What is expected — Look for the line with "助力疫情防控/为疫情防控工作作出了积极的" in the data below, then reproduce word for word that line and every line after it. Leave out all pictures and add nothing.

Data provided —
--------------------------------

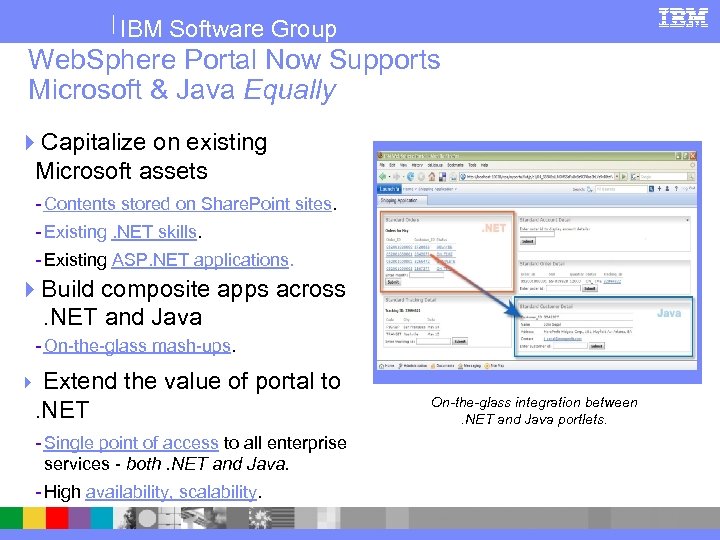 IBM Software Group Web. Sphere Portal Now Supports Microsoft & Java Equally 4 Capitalize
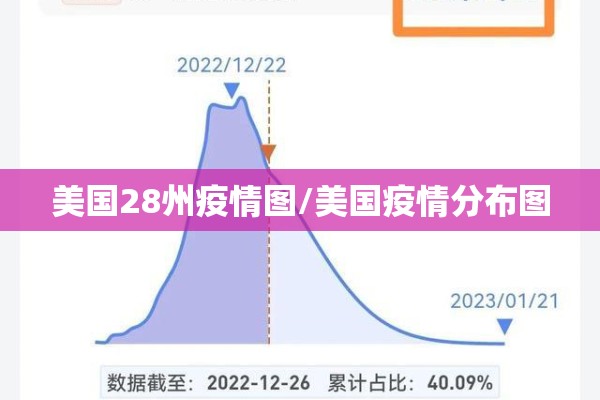 助力疫情防控/为疫情防控工作作出了积极的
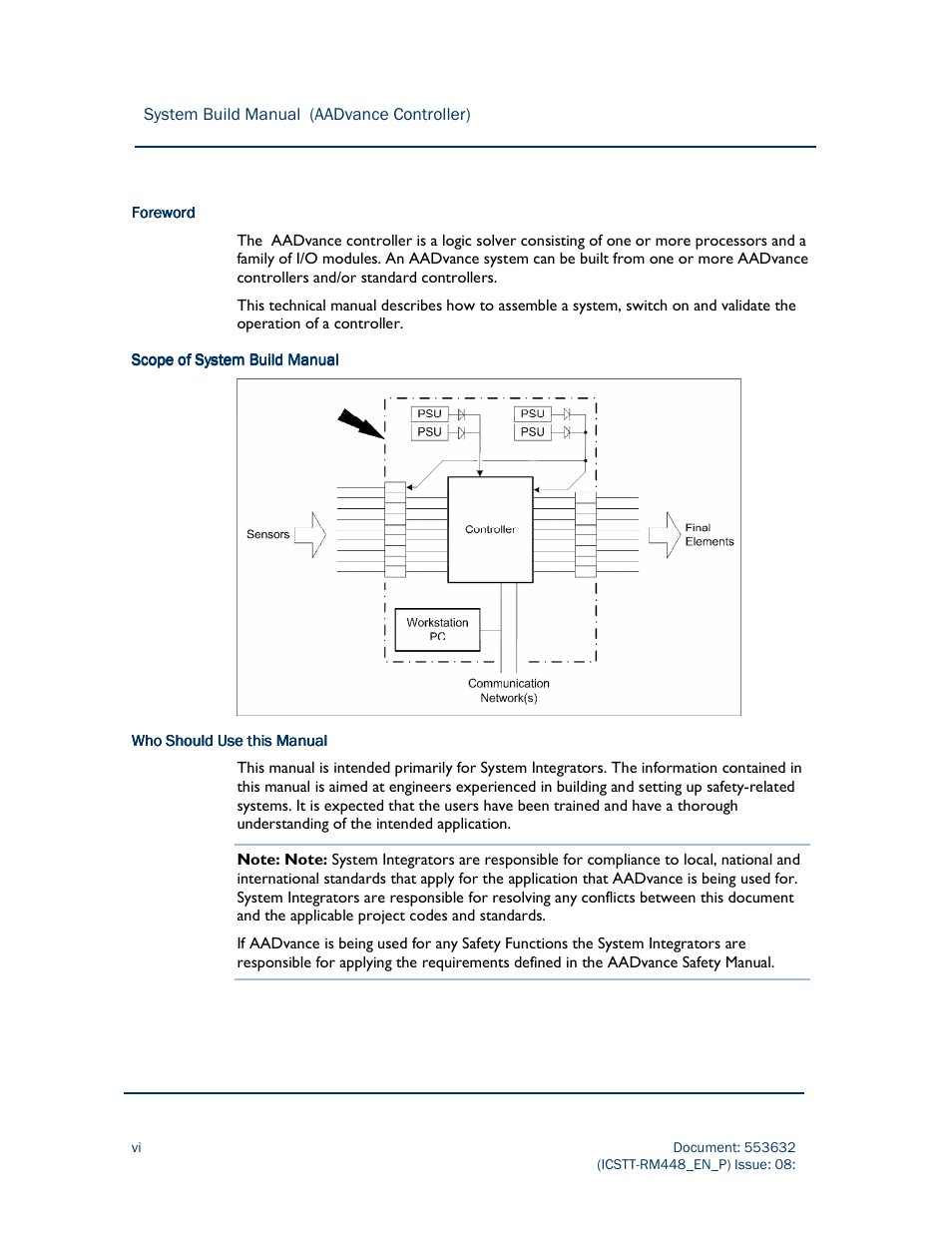 Rockwell Automation AADvance Controller System Build User Manual | Page 6 / 130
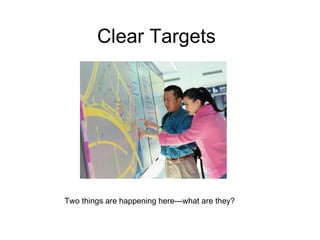Clear Targets Two things are happening here---what are they? 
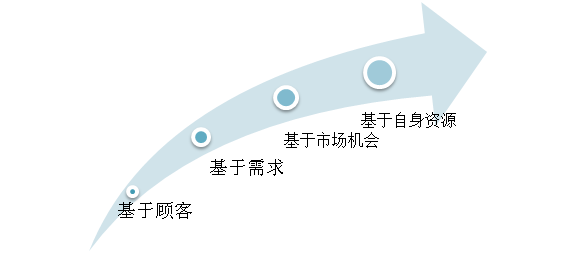 “流量*轉(zhuǎn)化*客單價”，100萬商家被這個老掉牙的電商培訓(xùn)公式帶溝里了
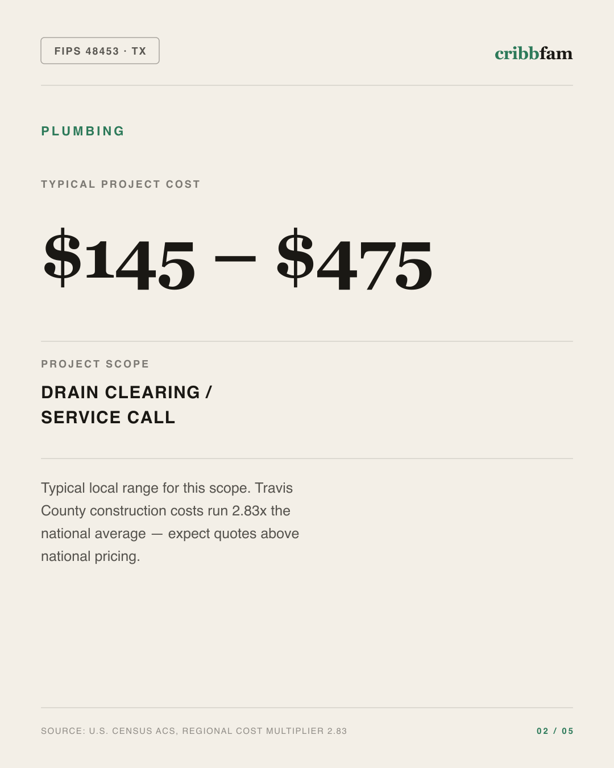 Plumbing in Travis County, TX — typical local cost range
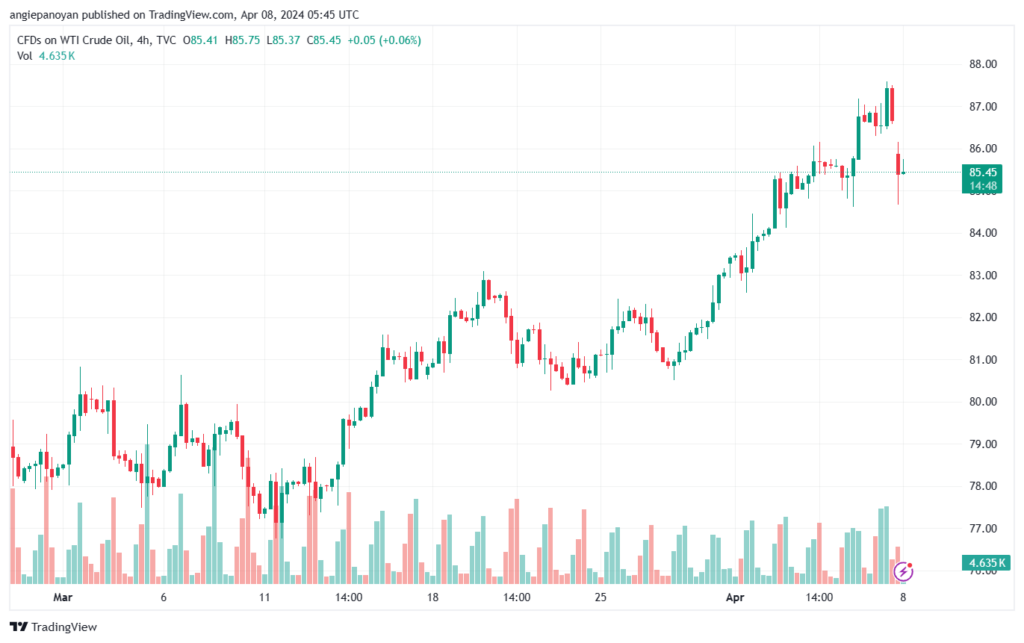 تحليل النفط CRUDE OIL - 842024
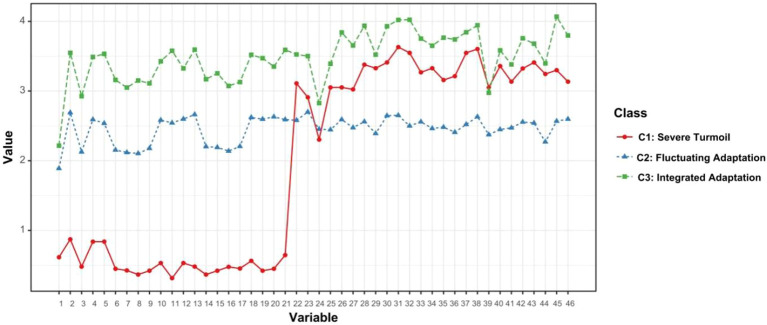 Figure 1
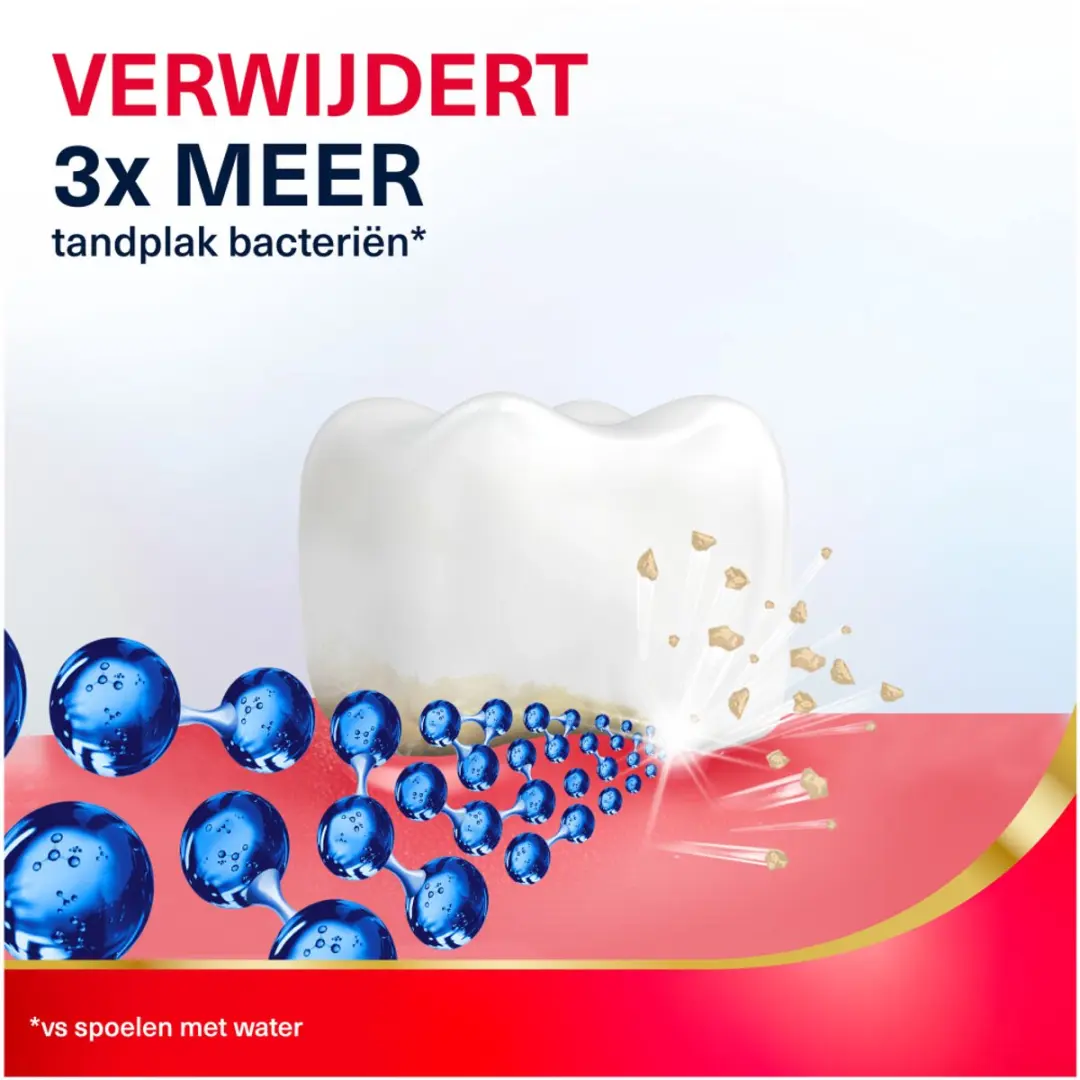 Parodontax Extra Fresh Mint Mondwater - 2000ml (4x500ml)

--------------------------------

Problem solution —
 助力疫情防控/为疫情防控工作作出了积极的
 Rockwell Automation AADvance Controller System Build User Manual | Page 6 / 130
Clear Targets Two things are happening here---what are they? 
 “流量*轉(zhuǎn)化*客單價”，100萬商家被這個老掉牙的電商培訓(xùn)公式帶溝里了
 Plumbing in Travis County, TX — typical local cost range
 تحليل النفط CRUDE OIL - 842024
 Figure 1
 Parodontax Extra Fresh Mint Mondwater - 2000ml (4x500ml)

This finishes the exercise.